• Data provided:
__________________________________________________

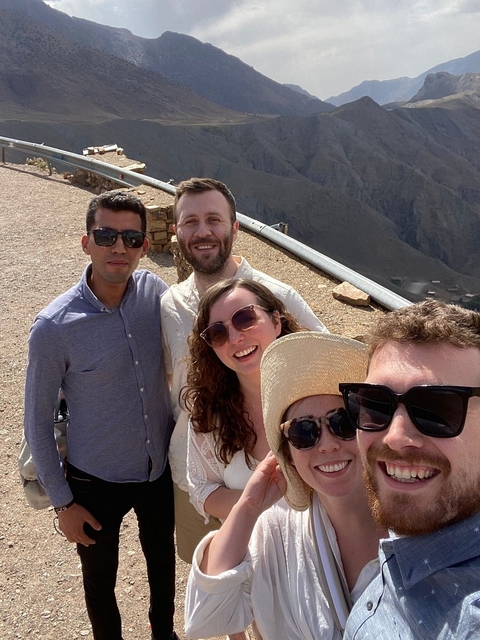       Group selfie with tourists in a desert environment.
  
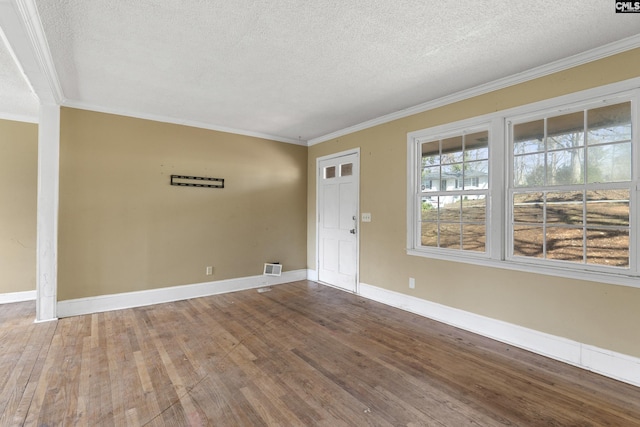 unfurnished room with ornamental molding, a textured ceiling, and wood finished floors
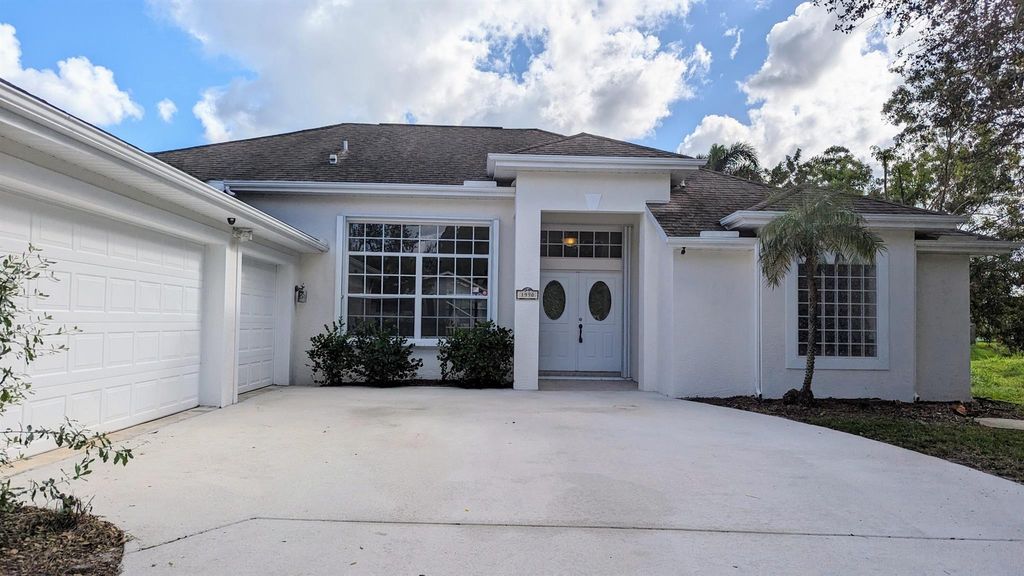 Photo of 1990 SW Justison Avenue, Port Saint Lucie, FL 34953 (MLS # R10933173)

__________________________________________________

• Directions for this task:
Return the material exactly as it reads, though without the pictures it holds.

• Written solution:
       Group selfie with tourists in a desert environment.
  
 unfurnished room with ornamental molding, a textured ceiling, and wood finished floors
 Photo of 1990 SW Justison Avenue, Port Saint Lucie, FL 34953 (MLS # R10933173)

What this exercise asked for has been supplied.